Vrabel is the leader because he has far more name recognition and a heftier résumé than Johnson. Vrabel was a fixture of the Patriots’ dynasty as a player and had a successful run with the Titans, including winning Coach of the Year in 2021.
Johnson has been widely regarded as the next great offensive mind and got the endorsement from quarterback Caleb Williams as “best coach in the world,” but that doesn’t hold quite as much weight.
Nonetheless, Johnson deserves it.
As he waited for the right job to come open, he said he viewed the Bears as “a sleeping giant” that should’ve been much better than they were under Eberflus. He has proven himself right this season.
Johnson said at his introductory news conference in January that there were “a number of reasons why” the Bears underperformed, “which is why I’m here. I’ll get to the bottom of that, and we’ll see if we can get it corrected and cleaned up.”

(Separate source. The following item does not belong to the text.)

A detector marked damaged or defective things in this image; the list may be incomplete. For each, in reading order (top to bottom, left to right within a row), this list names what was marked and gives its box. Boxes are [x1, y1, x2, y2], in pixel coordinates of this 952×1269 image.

There’s no doubt he has done that.
While the Bears made significant upgrades on their offensive line and drafted three offensive players in the first two rounds of the draft, most of their core on both sides of the ball is the same — especially Williams. Of the 22 players who would be starting if healthy, 15 were on the team last season.

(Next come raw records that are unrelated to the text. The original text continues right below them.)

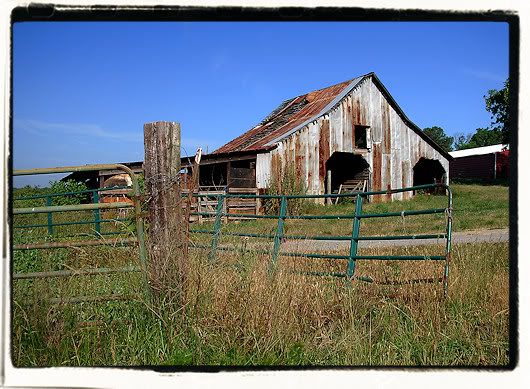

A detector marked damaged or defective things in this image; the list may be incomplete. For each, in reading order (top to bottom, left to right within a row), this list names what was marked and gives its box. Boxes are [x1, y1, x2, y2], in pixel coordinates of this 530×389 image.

rusted roof panel [212, 76, 356, 154]
rusty metal roof [212, 75, 360, 154]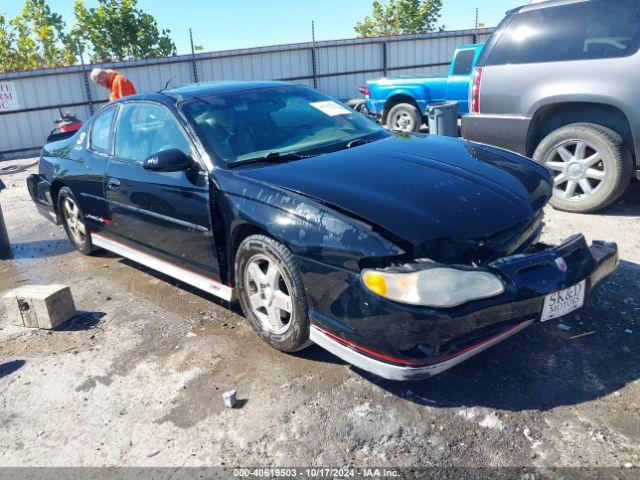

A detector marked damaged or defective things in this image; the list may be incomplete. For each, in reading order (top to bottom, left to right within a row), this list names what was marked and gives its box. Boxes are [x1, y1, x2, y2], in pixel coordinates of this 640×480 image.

cracked headlight [360, 266, 504, 308]
damaged front bumper [308, 234, 616, 380]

Johnson inherited a team that ranked 32nd in total offense before his arrival and vaulted it to No. 4. On defense, where he had no experience whatsoever but made a smart hire in coordinator Dennis Allen, the Bears have stepped from 27th to 24th despite injuries and appear to be improving as they approach the playoffs.
Vrabel has been impressive in both areas as well, and his offensive coordinator Josh McDaniels has second-year quarterback Drake Maye playing at an MVP level.
But Johnson also took on a team that played in the league’s toughest division — all four teams are .500 or better — and had been overwhelmed by it. The Bears hadn’t won a meaningful game against the Packers since 2018, and in Johnson’s first season he leveled out the rivalry.
There are no freebies in the North, unlike the AFC East, where the Patriots have four games against the Jets and Dolphins.
Johnson said going into the season he anticipated making “plenty of mistakes” as a first-time head coach, but it’s hard to think of them other than his repeated criticism of his own play calls. He has coached well, managed his staff well, motivated players, aced in-game decisions and handled the public-facing part of the job confidently.
It’s as though everything that was wrong with the Bears and exasperated their fans for years was instantly fixed with one hire. That’s how you win Coach of the Year.
More important than winning an award, though, is whether the Bears have found their long-term answer. They’ve craved the stability the Steelers have had with Tomlin, but fumbled hire after hire.
There have been several times they thought they finally nailed it, and, in fact, they’ve been exactly here before. As a first-time head coach in 2018, Matt Nagy steered them to a seven-win improvement at 12-4 and a rare North championship.
That fizzled faster than you can say “double doink,” however, and all his flaws were exposed while going 22-27 the rest of his tenure.
It turned out he wasn’t the magic behind Patrick Mahomes and couldn’t turn Mitch Trubisky into a star. His staff was anything but cohesive. He stumbled into nonsensical explanations at the microphone.
It’s a cautionary tale and a reminder that Johnson has tons left to prove. The playoffs will reveal quite a bit about his capability. But so far, every indication is that he was more than ready for this job and is highly unlikely to unravel the way his predecessors did.